Friday, July 22, 2005

Technical Distractions

Email, cell phones, instant messenger, etc are driving users to distraction. This new study shows that the typical office worker is interrupted every 3 minutes with an email, instant message or phone call. According to scientists, it takes about 8 minutes for our brains to enter that creative state where real thought is accomplished.

The result is obvious. Our mind races all day putting out the fires stoked by those instant messages, emails and phone calls. Add to that the occassional fax and your brain may just fizzle out.

This is exactly what happened to me. At one point I was getting absolutely no work done while sitting in front of the computer. In between checking away messages, logging in to check email or answering phone calls, I was completely unproductive.

I realized that I had to make a change. I had to decide which technology was the most disturbing and the most dispensible. Since my email is a condition of employment, that could not be dispensed with all together. I have no home telephone line, so I couldn't get rid of my cell phone. However, IM was not a work requirement and is certainly not a primary means of communication.
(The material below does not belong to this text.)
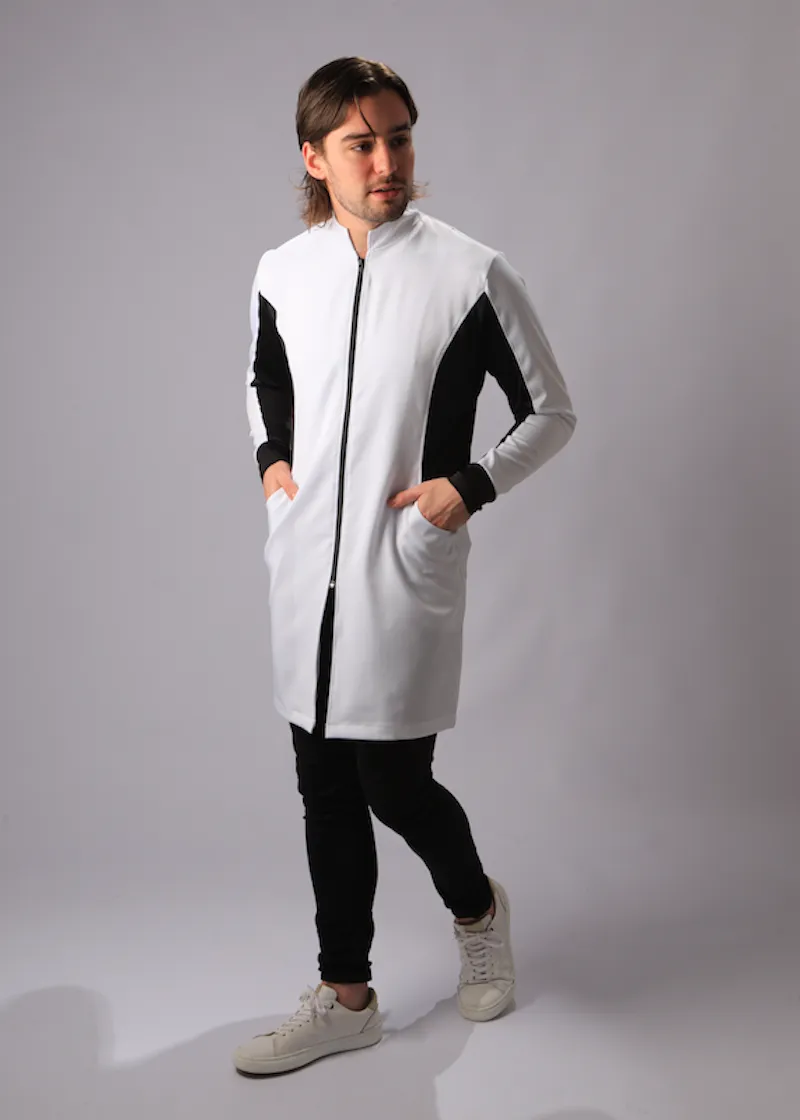 Jaleco Duo Masculino - Imagem 4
So, away it went. As soon as I freed myself from the burden of checking away messages and responding to IMs from friends, I felt more relaxed and regained my lost productivity. I know it sounds ridiculous, but it's true. I felt so good that I didn't stop there.
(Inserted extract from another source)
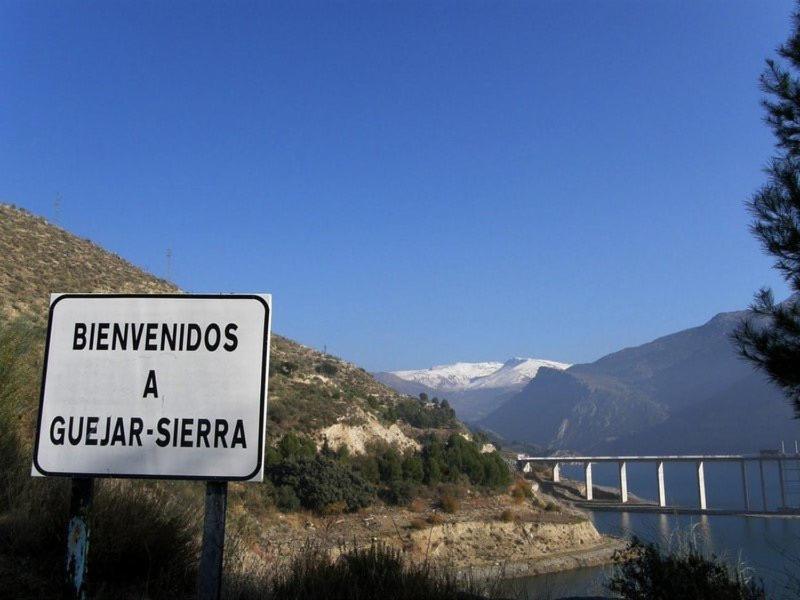 شقة Mirador De Sierra Nevada غويخار سييرا المظهر الخارجي الصورة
I decided that I didn't have to be shackled to my email every minute of the day. I slowly started to limit the amount of time I spent checking and responding to email. First, I checked every 1/2 hour, then every hour and now I go hours without checking. So far nothing terrible has happened and I don't expect that it will.

This all reminds of the CNN advertisement that claims they provided 24 hours news before people even knew that it was necessary. The statement is incredibly misleading since CNN was the reason for people's fixation with the 24 hour newscycle, presidential body watch and fascination with celebrity news events. With the exception of the sporadic, true breaking news event, why couldn't people live happily without live news updates every 15 minutes between midnight and 6am?

I think self-imposed necessities, like 24 hour news and instant email responses, are a huge problem in our culture. We can send messages instantly, so we demand instant responses. We can contact anyone, anywhere, anytime and therefore expect that everyone should be reachable anytime and anywhere. But, what happens to that creative energy so many people are wasting as a result? Will America lose its role as inovator when our best and brightest are too busy responding to chain emails to think great thoughts?

Like some others, I am putting my foot down. You should do the same!

1 comment:

Anonymous said...

I think self-imposed necessities . . . are a huge problem in our culture.

Ok, Will, how often do you post to you blog? Is there a bloggers-anonymous?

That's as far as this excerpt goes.